The score had advanced to 145 when Vince pushed a shot to the right hand of Lyon at cover and took off for a single. In one superb motion Lyon gathered and threw the stumps down. Vince would have been vexed to be on his way for 83, but his maiden test half century may yet prove pivotal to his career, and his team’s prospects.


Dawid Malan strode to the crease with five modestly performed tests under his belt. He immediately found the turn Lyon was now extracting from a tacky pitch not to his liking. Root, who had begun calmly enough, now seemed similarly unsettled. They scratched their mutual way to 3-158 at drinks.


When Cummins soon produced some late inswing it didn’t surprise that Root was struck in front. The only shock was that it required a review to confirm the dismissal. England was now a potentially perilous 4-163, as the shadows of the stands lengthened.


Newly promoted in the order, Moeen Ali sought to release the stranglehold Lyon had maintained on the left handers. He mowed a flighted delivery over the mid-wicket boundary. Malan never look any happier against the turn, but at least revealed an ability to capitalise on whatever loose deliveries were proffered. Ali seemed to be settling against Lyon, until Lyon struck back with a brilliant 80th over that left the bearded one bamboozled.


Steve Smith may have missed a trick by immediately claiming the second new ball, denying Lyon any chance to follow up. Starc had a close review on Ali turned down, but the umpires were suddenly nervous about the light and called proceedings to a halt. The psychology of umpires in relation to bad light remains a topic defying rational examination.


After a day where the combatants were clearly feeling each other out, both can make claims to advantage. England will be heartened by the efforts of their new chums. They also achieved a significant first instalment in their series ambition to grind the Australian bowlers down. Australia would have been concerned while Stoneman and Vince were in occupation, but would feel they turned the momentum of the game in the last hour. They can largely thank Lyon and Cummins for that. So much will depend on tomorrow’s first session.
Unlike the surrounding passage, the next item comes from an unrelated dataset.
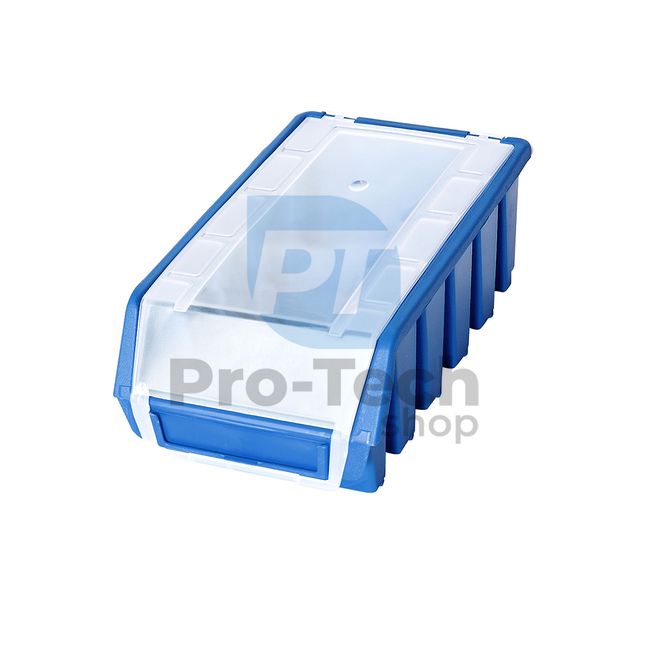 Plastic Box Ergobox 2L Plus, Blue 60147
On the evidence of one day, we have a real contest on our hands.




About John Butler

John Butler has fled the World's Most Liveable Car Park and now breathes the rarefied air of the Ballarat Plateau. For his sins, he has passed his 40th year as a Carlton member.


  1. John Butler says

    With apologies to Alastair. Good proletarian name that it is.

  2. Thanks for filling in all the golfy bits for me JB. Rapier analysis as always. I liked your image of a steady drizzle. Seemed like that sort of day.
    A steady drizzle of:
    A Day One
    A Gabba Pitch
    Warner remarks (sorry thats drivel)
    For the series is this the prelude to the fizzle or the build up to the big wet?

  3. Both sides feeling each other out, PB.

    England were desperate to avoid a knock out punch. Australia seemed curiously reticent to throw it. The pitch certainly influenced events.

    The efforts of either side will really only count if they follow it up today.

  4. Lovely insight and presentation, JB.
    “Eschew” is under-utilised.

    Anything can happen from here.
    And patience, in this age of immediacy, I suspect will be a virtue.

  5. Steady drizzle
    English mizzle
    Quickies fizzle
    Warner whistle
    No dogs listen

  6. Good work JB – a wonderful summary well compiled. Many good observations.